Below we can see the new plotting backend in action:

# Dataset can be found here: 
# https://github.com/Mcompetitions/M6-methods/blob/main/assets_m6.csv

(
    pl.scan_csv("assets_m6.csv", try_parse_dates=True)
    .filter(pl.col("symbol").is_in(["ABBV", "IGF", "XOM"]))
    .collect()
    .plot.line(x="date", y="price", color="symbol")
)

Plotting with Altair in Polars

For details, please refer to:

hvPlot is still available

In February this year, we introduced a plotting namespace to Polars which deferred to hvPlot. So, where are hvPlot-powered Polars plots going?

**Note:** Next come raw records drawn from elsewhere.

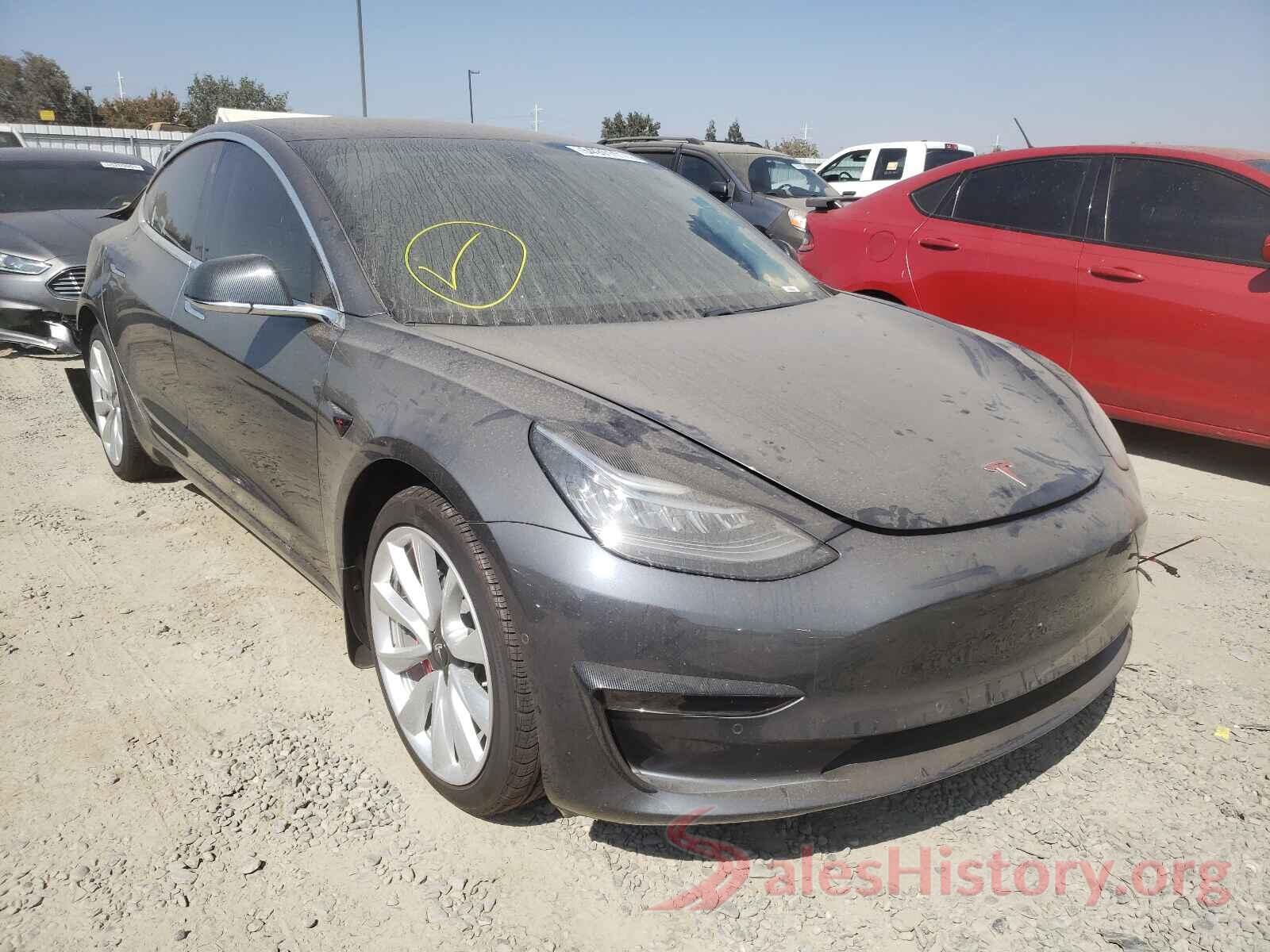 5YJ3E1EA1JF051063 2018 TESLA MODEL 3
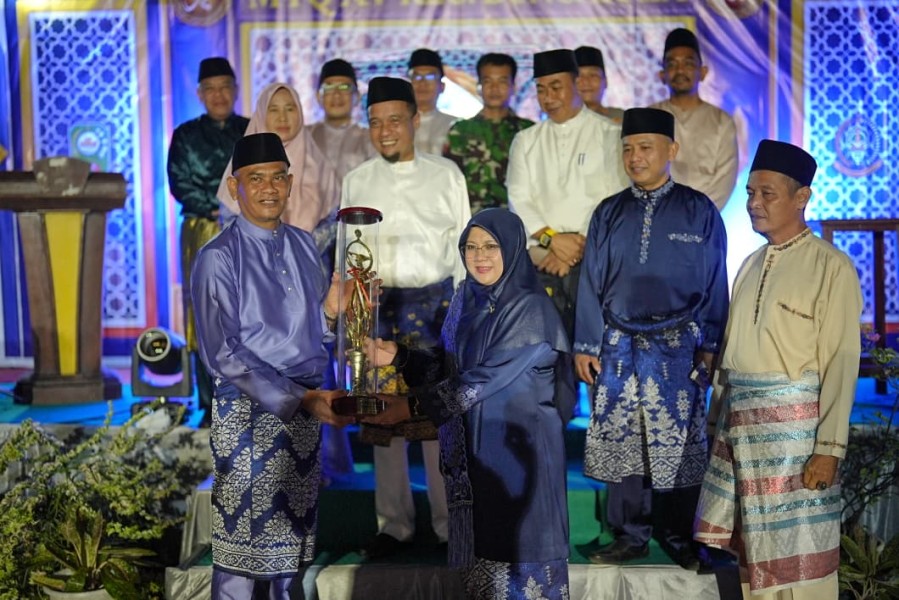 BUKA MTQ BUNGA RAYA, BUPATI AFNI: EFISIENSI ANGGARAN TIDAK BOLEH JAUHKAN KITA DARI AL-QUR'AN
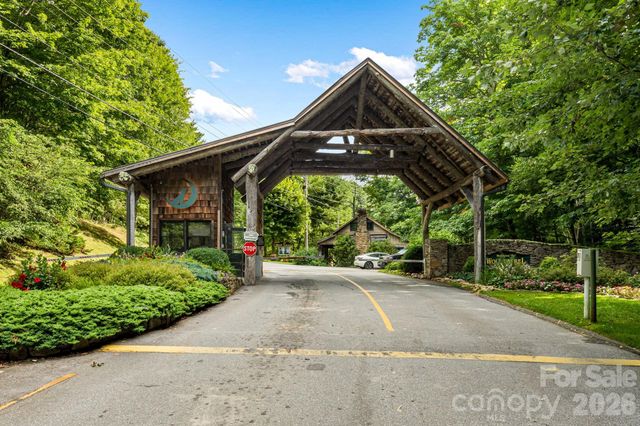 422 Glenaire Drive, Mars Hill, NC 28754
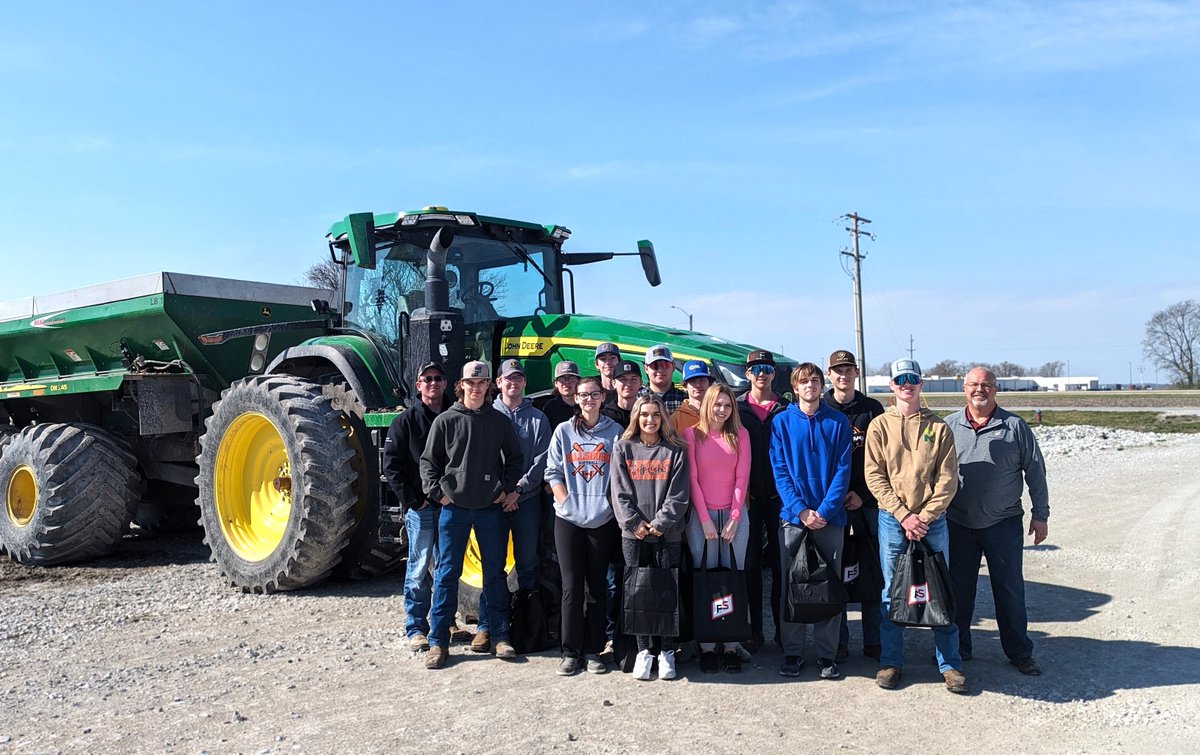 MMServiceFS's tweet photo. We had a great morning for a tour with the Hillsboro FFA. The group got a glimpse into our busy spring operations at our Litchfield agronomy plant. We are always thrilled and excited to share our world of agriculture with future #ag leaders! https://t.co/mAgVxarrBK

The answer is: nowhere. Users that prefer the hvPlot backend can keep using it by just making the following simple changes:

Add import hvplot.polars to the top of your script/notebook
Instead of df.plot, write df.hvplot

Everything else will remain exactly as it was in versions of Polars prior to 1.6. The impact of switching the default plotting backend can be seen when we calculate the size of the environment, with the new backend with Altair having an almost 5x smaller footprint:

backend	size
Polars + Altair	114 MB
Polars + HvPlot + PyArrow	550 MB

A small lightweight environment helps with effective dependency management and ease of deployment. Furthermore, not having to wait for imports of extra libraries + data conversion makes it feel much more streamlined to users.

Concluding remarks

Switching the plotting backend of Polars to Altair ensures a fast and lightweight experience for users looking to plot their dataframes.

As a bonus, Marimo users making use of marimo.ui.altair_chart will be pleased to know that Marimo devs reacted very quickly to the change, and now they also support Polars natively!

We hope this is just a first step towards greater dataframe-agnosticism, and “we only support pandas” will eventually become a problem of the past.